Abstract:
The antiferromagnet (AFM) and ferromagnet (FM) interface is a unique branch of magnetics of broad scientific interest. AFMs play an important role in spin-orbit torque (SOT) devices based on their ability to generate spin-polarized current and exchange bias when combined with FMs [1]. Since the exchange bias of the AFM/FM bilayer appeared to be tailorable by SOT [1-2], it opens a great opportunity for AFM-based spintronics technology that the SOT can modify the spin texture of AFM and FM can serve for detection. In this talk, several AFM/FM systems will be demonstrated for studying the interfacial dynamics of AFM spins.
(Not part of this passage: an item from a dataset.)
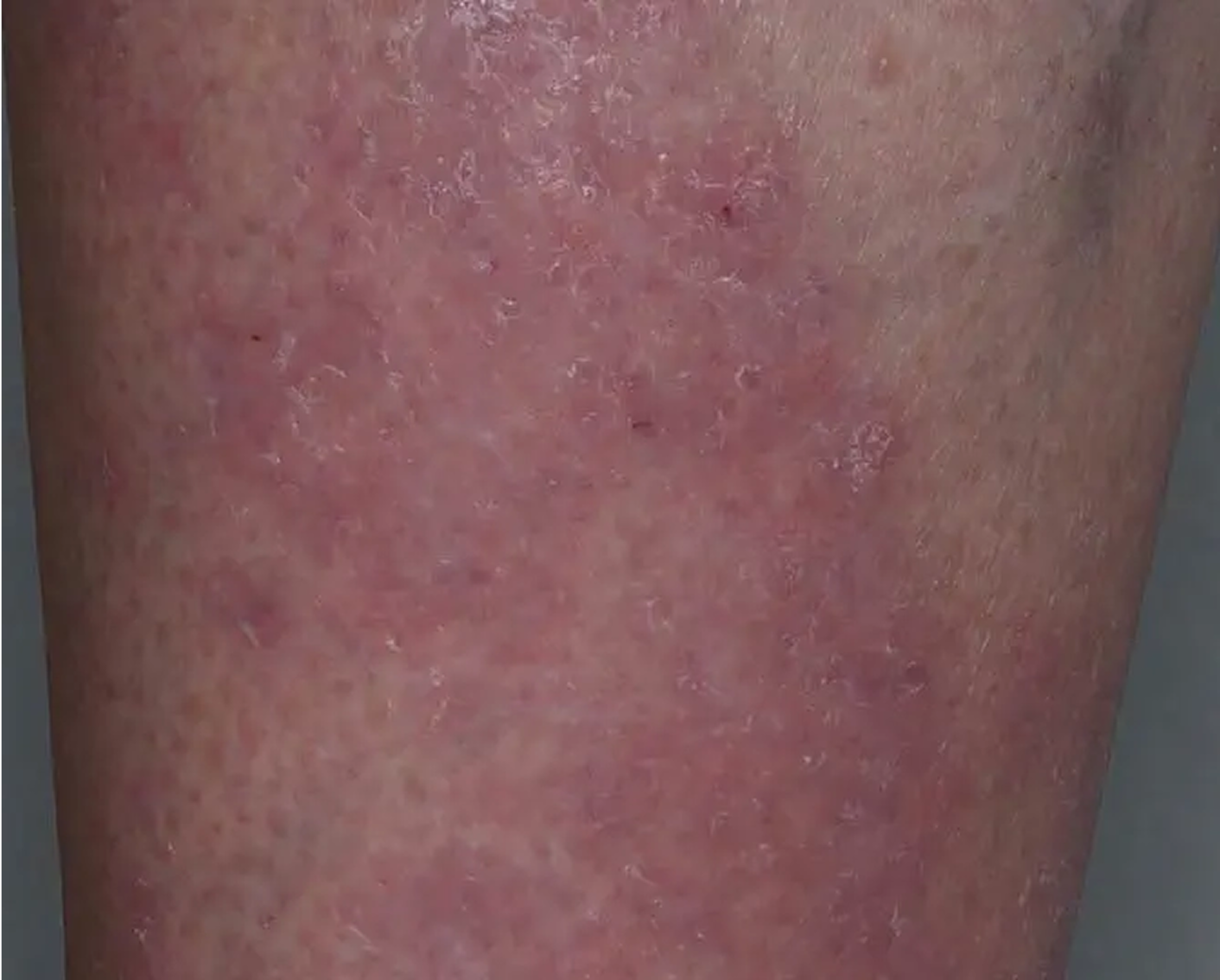 Shin - Week 2 IGA = 2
An interesting spin-orbit torque (SOT) ratchet involving the exchange spring effect in an IrMn/CoFeB bilayer device with perpendicular anisotropy and exchange bias is developed. The combined use of electrical and spectroscopic analysis reveals that the exchange spring in IrMn/CoFeB bilayer yields unidirectional anisotropy, resulting in a collinear/orthogonal AFM/FM spin configuration at the interface upon switching CoFeB magnetization upward/downward. The ratcheting characteristics resulting from unidirectional anisotropy manifest in SOT switching. In this process, magnetization against the exchange spring features digital-like switching with a sharp transition, whereas the reverse function is characteristic of analog switching with a gradual transition tail. The dual digital-analog characteristics of the IrMn/CoFeB bilayer may be of benefit in neuromorphic and memory applications [2].
Keywords – spin-orbit torque, antiferromagnet, ratchet, exchange bias.
References:
[1] P. H. Lin et al. Nature Materials 18, 335 (2019).
[2] C. Y. Yang et al. Applied Physics Letters 118, 102403 (2021).
[3] Y. H. Huang et al. Advanced Functional Materials 32, 2111653 (2022).